Some historians state that the monastery was founded in 1275 by Yaroslavich, but declined together with the Kostroma Principality after his death. In this case, the monastery could be not entirely built but only revived by Murza Chet.

=== 13th–15th centuries ===
In 1435, Vasily II concluded a peace with his cousin Vasily Kosoy there. At that time, the cloister was a notable centre of learning. It was here that Nikolay Karamzin discovered a set of three 14th-century chronicles, including the Primary Chronicle, now known as the Hypatian Codex.

=== 17th–18th centuries ===
During the Time of Troubles in Russia, the Ipatiev Monastery was occupied by the supporters of False Dmitriy II in the spring of 1609. In September of that same year, the monastery was captured by the Muscovite army after a long siege.
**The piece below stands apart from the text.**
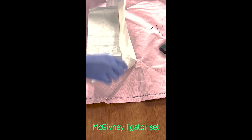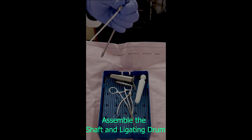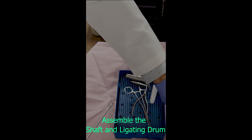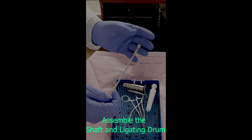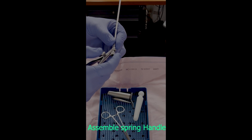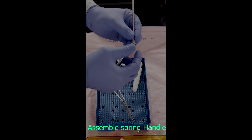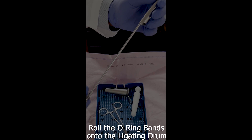The McGivney ligator set is prepared. We start by assembling the shaft and ligating drum. The spring handle is then attached. Attach the loading cone and roll the O-ring bands onto the ligating drum.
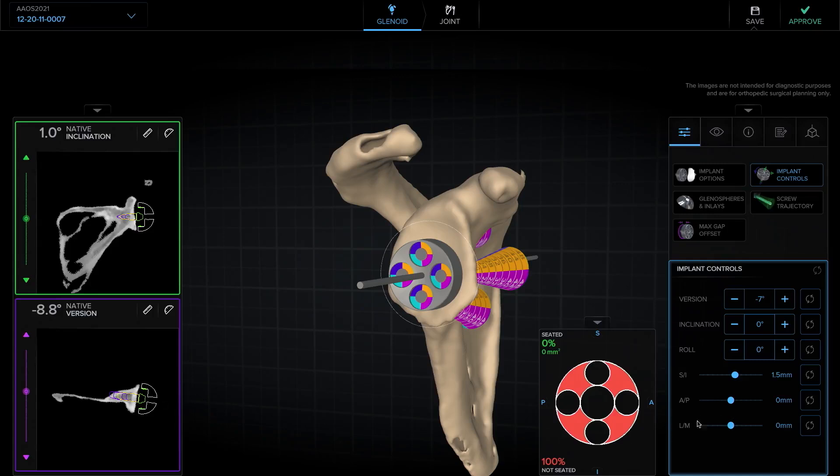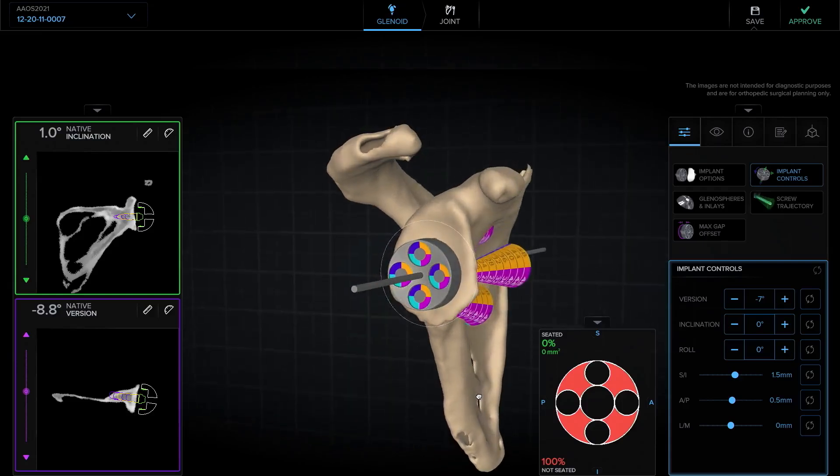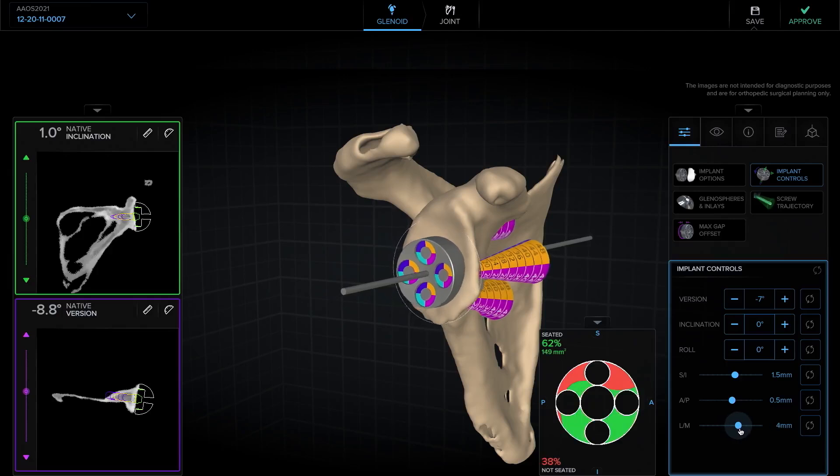We can also, on this axial view, adjust the anterior or posterior position of the base plate. I typically like to center it as best I can, and it looks pretty well centered. Finally, we can adjust our depth and move it lateral or medial until we get good backside seating. I'm shooting for close to 100% backside seating, but I'm not necessarily committed to 100%.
On March 14, 1613, the Zemsky Sobor announced that Mikhail Romanov, who was in this monastery at the time, would be the Russian tsar.

Most of the monastery buildings date from the 16th and 17th centuries. The Trinity Cathedral is famous for its . The church of the Nativity of the Mother of God was rebuilt by the celebrated Konstantin Thon at the request of Tsar Nicholas I to celebrate the 250th anniversary of the House of Romanov. The Soviet authorities demolished it in 1932, but it was rebuilt in 2013. The main entrance from the riverside was also designed by Konstantin Thon. A private house of Mikhail Romanov was restored on the orders of Tsar Alexander II, though the authenticity of the reconstruction was questioned by Konstantin Pobedonostsev .

=== 20th century ===
The Ipatiev Monastery was disbanded after the October Revolution in 1917. It had been a part of the historical and architectural preservation of the Russian museum society, but in 1991, the authorities officiated the property authority return to the Russian Orthodox Church, despite strong opposition from museum officials.

On December 30, 2004, the government of Russia signed an order to transfer the monastery to the Kostroma Diocese.

== Our Times ==

In September 2002, one of the most prominent museum exhibits, the large wooden church (1628) from Spas-Vezhi village, was destroyed by fire.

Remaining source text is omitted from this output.